Today, New Year’s Day, is my annual Mt. Hamilton ride. I was going to make it a big deal this year, publicizing it here, sending out an email, telling people which train to catch and everything. Encourage a lot of people to do soemthing BIG on New Years Day. Something I’ve been doing for well over 20 years. Maybe it’s well over 30. A long long time anyway.
But not to be this year. A week ago Sunday I had a bit of a sore throat, nothing too bad, so Kevin and I did a shorter-than-normal loop up West Alpine, mainly to be back in time for the one Sunday a year the shop is open. I was hoping that riding would burn it out of my system. Not so entirely sure it would be that easy though since my wife had come down with a nasty hacking cough a couple days earlier, but had to try, and I didn’t feel that bad. Nobody was feeling great Christmas; but I wasn’t doing that badly and did an easy solo ride Thursday morning. Not Kevin; he isn’t into the “burn out a cold” program like I am. Saturday, I actually left the shop an hour prior to closing and didn’t even consider a ride Sunday. That’s pretty unusual for me. Yesterday (New Years Eve) I started to feel a little bit better, but no way could I commit to Mt Hamilton. If I woke up feeling great, great!

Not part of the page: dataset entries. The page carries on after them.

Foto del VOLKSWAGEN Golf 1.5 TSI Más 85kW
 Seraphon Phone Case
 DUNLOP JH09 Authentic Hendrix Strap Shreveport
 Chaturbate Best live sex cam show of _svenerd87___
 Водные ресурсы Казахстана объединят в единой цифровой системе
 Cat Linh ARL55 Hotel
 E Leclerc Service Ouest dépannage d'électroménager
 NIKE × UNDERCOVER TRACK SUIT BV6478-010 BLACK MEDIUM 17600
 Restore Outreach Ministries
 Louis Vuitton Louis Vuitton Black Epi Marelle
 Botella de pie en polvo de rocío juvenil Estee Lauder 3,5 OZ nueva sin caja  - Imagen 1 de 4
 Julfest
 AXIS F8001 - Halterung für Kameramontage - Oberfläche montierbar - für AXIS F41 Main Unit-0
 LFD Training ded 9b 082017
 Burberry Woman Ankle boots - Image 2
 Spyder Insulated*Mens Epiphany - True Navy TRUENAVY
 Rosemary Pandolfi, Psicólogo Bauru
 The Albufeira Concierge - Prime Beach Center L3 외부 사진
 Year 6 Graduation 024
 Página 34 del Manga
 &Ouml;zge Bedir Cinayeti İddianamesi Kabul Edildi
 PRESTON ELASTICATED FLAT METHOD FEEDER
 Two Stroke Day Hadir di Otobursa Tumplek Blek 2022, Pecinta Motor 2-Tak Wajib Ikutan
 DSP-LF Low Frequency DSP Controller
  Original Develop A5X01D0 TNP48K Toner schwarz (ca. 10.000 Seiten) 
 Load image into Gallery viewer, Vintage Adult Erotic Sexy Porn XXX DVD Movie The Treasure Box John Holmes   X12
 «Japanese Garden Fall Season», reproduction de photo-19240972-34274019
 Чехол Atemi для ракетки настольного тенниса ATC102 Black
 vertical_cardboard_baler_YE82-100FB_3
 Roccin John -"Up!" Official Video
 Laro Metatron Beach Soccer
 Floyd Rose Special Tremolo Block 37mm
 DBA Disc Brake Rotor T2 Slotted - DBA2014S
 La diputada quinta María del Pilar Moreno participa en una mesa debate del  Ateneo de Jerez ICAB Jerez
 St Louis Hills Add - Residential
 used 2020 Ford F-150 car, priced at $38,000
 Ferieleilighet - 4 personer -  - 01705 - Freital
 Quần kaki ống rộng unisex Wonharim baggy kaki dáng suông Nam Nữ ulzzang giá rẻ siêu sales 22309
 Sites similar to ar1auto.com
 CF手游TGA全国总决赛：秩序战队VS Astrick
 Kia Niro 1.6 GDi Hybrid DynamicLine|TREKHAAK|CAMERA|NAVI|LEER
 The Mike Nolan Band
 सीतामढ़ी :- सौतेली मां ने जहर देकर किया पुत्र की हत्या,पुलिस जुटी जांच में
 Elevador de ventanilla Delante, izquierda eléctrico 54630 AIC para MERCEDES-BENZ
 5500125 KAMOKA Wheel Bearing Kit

Needless to say, I didn’t wake up feeling great, and Kevin felt worse. Still, I did feel better, and there was no way I was going to miss yet another day on the bike. I was getting concerned I’d be losing “mind over legs” control, if you know what I mean.
And… it wasn’t terrible. It was slow, and it took about 15 minutes before I could breathe without coughing, due to the sudden change in temperature. Same thing happened when I got home two hours later. But in between, I was on my bike, taking it easy, and feeling pretty good. Average power output down by 25% and any thoughts of chasing people down in front of me shot. Hated that, but there was also a certain peace that came from knowing that just wasn’t in the cards today. Just a couple hours on the bike, feeling the pedals turn, shifting gears, using the brakes, enjoying some of the most basic silly things imaginable.
Hopefully this thing is on its way out. I’ve had extended bouts of bronchitis before, usually in the summer, where I’d be hacking for maybe 6 weeks. And I’ve had plenty of times I’ve lost my voice for a few weeks in the winter. But never, ever, anything quite like this. That feeling, until today anyway, that you’ve totally lost track of what it feels like to be well. But that feeling is within my grasp now. I can tell. I’m coming back.